By the time you read this, Amazon will be close to finishing its third annual Prime Day bonanza shopping event. Over a space of 30 hours, hundreds of thousands of deals were provided to an estimated 85 million Amazon Prime-only members from televisions to video games to bulkier furniture items. If last year’s sales were any indication, this year’s Prime Day should be Amazon’s largest day of sales — ever.

For this to happen, Amazon will use a combination of metro and national delivery services as well as its own fleet of planes. 24 Prime Air cargo planes were fuelled and ready to support Prime Day in the United States for the first time. And that’s not just because it’s Amazon’s home market but its company promise to deliver anything to its American Prime members in two days or less.

This is crazy. Especially on an extremely busy day like Prime Day (or other seasonal events like Mother’s Day, Christmas, Black Friday, etc.).

Being at the arse-end of the online retail industry — organising fulfilment and shipping parcels to the paying customer — (I run Shippit, an online logistics management platform), the challenge of organising national two-day shipping when order volumes multiply exponentially is more complex than you may think.

When a customer places an order, Amazon’s platform and technology will decide which fulfilment centre the product will come from. They’ll obviously try to ship from a location as close to the customer as possible but for some items, whether they are large or hard to find, they’ll need to use its Prime Air cargo planes to ship from one side of the country to hit their shipping time promise.

In an interview with Bloomberg this week, Dave Clark, Amazon’s SVP of worldwide operations, said Amazon had 150 million square feet (roughly 14 million square metres) of fulfilment space to store 50 million SKUs — that’s 50 million unique items across different colours, sizes, and other attributes. Considering the average Woolworths has around 85,000 unique SKUs in store, this range is unfathomable.

For all the talk about Amazon in Australia which I am sure the majority are sick of by now, the question then becomes: Could Amazon’s Prime Day actually work here?

Without owning large distribution warehouses in each of the metro cities around the country, it will be a challenge but not impossible; reports suggest they’re investigating distribution centres in Queensland, New South Wales, and Victoria as well as murmurs of partnerships with existing warehouse owners to share their space. So if warehousing is solved, what about speed?

Australia is big. Heck, if you want some real scale, Australia is nearly the same size as continental USA. Our population spread and the large distances between major cities and regional towns (when compared to Amazon’s other key markets including America, Europe, or India) means the demand for air-based shipping is going to be critical. If you look to the capabilities that already exist in Australia like Australia Post’s Express Post service then the Prime experience may not be so far out of reach — but this is only true of smaller items.

Now consider the last time you bought something large and heavy like a mattress or a dining table online. How many weeks did it take to get to you? If it was less than two weeks then you were extremely fortunate. From receiving your order from their shopping platform, the online retailer would then have to find where the dining table was in its warehouses, prepare it for delivery, wait for the weekly courier (that specialises in furniture) to pick it up along with several other customer orders, and then deliver it to a local distribution centre where it will get tagged, sorted, and then arranged to be shipped to your house in smaller truck or van. If you are lucky enough to live in Perth but have Sydney-taste, ordering from East Coast-based retailers (as many of them are) … then this will take a very long time (if nothing is delayed along the way).

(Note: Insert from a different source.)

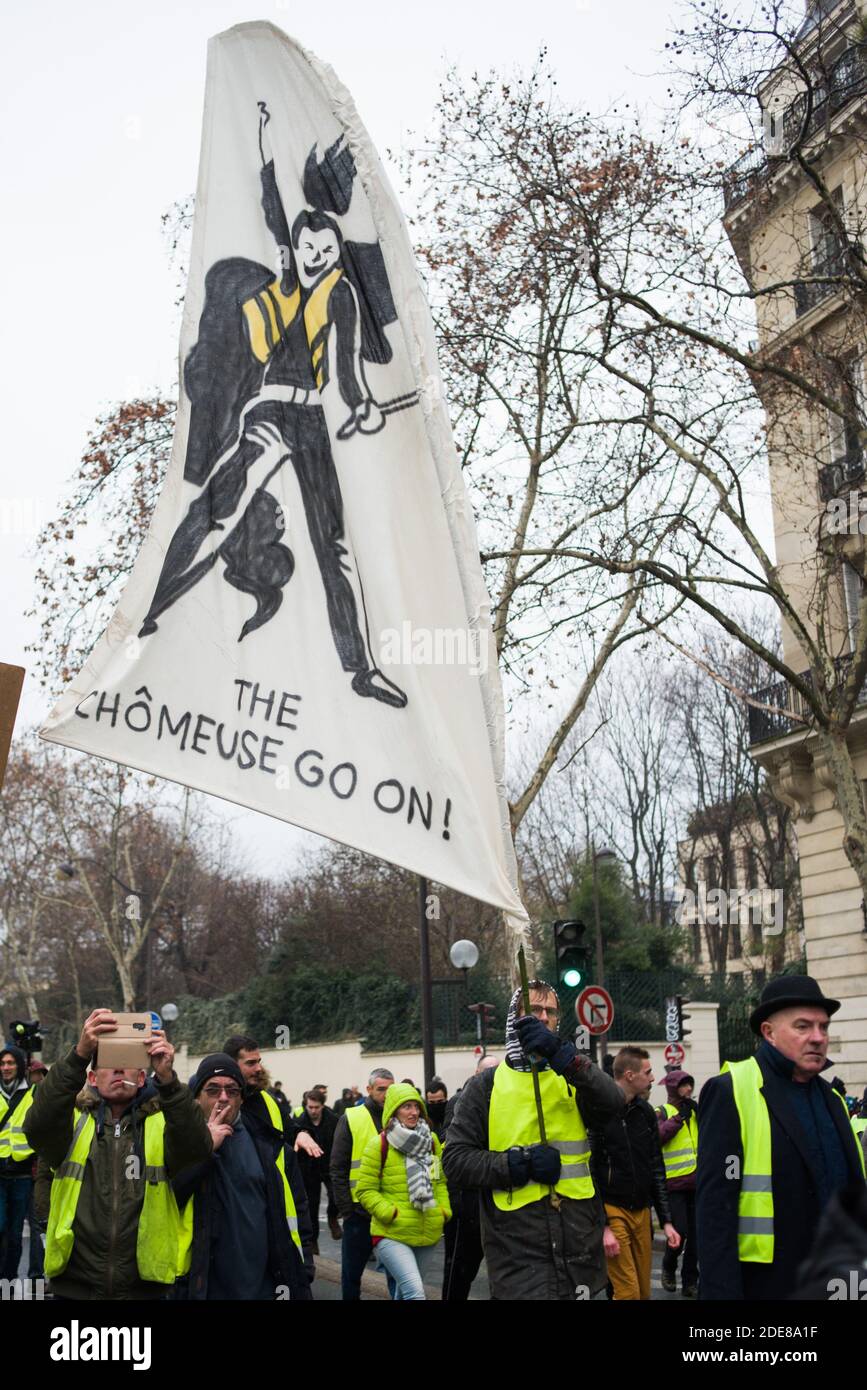 A man carries a sign with a play on words with the hit 'Show must go on' of Queen during the 10th act of the yellow vests demonstration in Paris on January 19, 2019. Photo by Julie Sebadelha/ABACAPRESS.COM Stock Photo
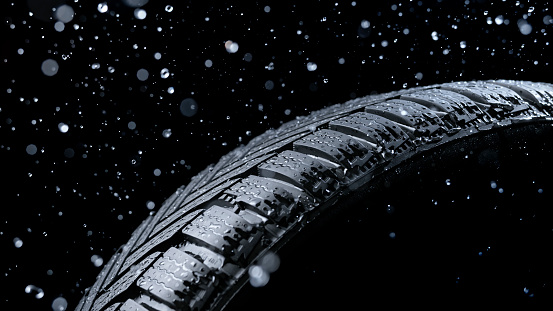 Close-up of water splashing on vehicle tyre against black background.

Most retailers are moving quickly to speed up delivery times and offer customers delivery experiences worth paying for. The reality is Amazon-like capabilities have existed in Australia for decades; the technology just hasn’t been there to bring it to the online retail sector (think about the shipping speed for organ transplants).

However, in Australia, we don’t promote this as a key value add. The closest thing we have to Prime Day is the infamous Click Frenzy. While they touch upon the vast range of products they offer over at steeply discounted prices, like many online retailers in Australia, its discounting and not shipping speed being used as the promotional tool. Perhaps retailers are hesitant to promote shipping speeds as they know that with increases in demand, they will struggle to maintain the speed of packing orders in time for speedy delivery.

If you’re an online retailer, you can (and should) already take advantage of capabilities like that of Australia Post’s Express or DHL Express and using these services as effective promotional tools. Where Amazon has the advantage right now is in large and bulky goods, a sector lacking innovation locally — Prime Day also includes discounted large items like trampolines and furniture. This is something that will take time for any new entrant to get right from the outset in Australia and something that many online furniture stores locally should start perfecting now if they are not already.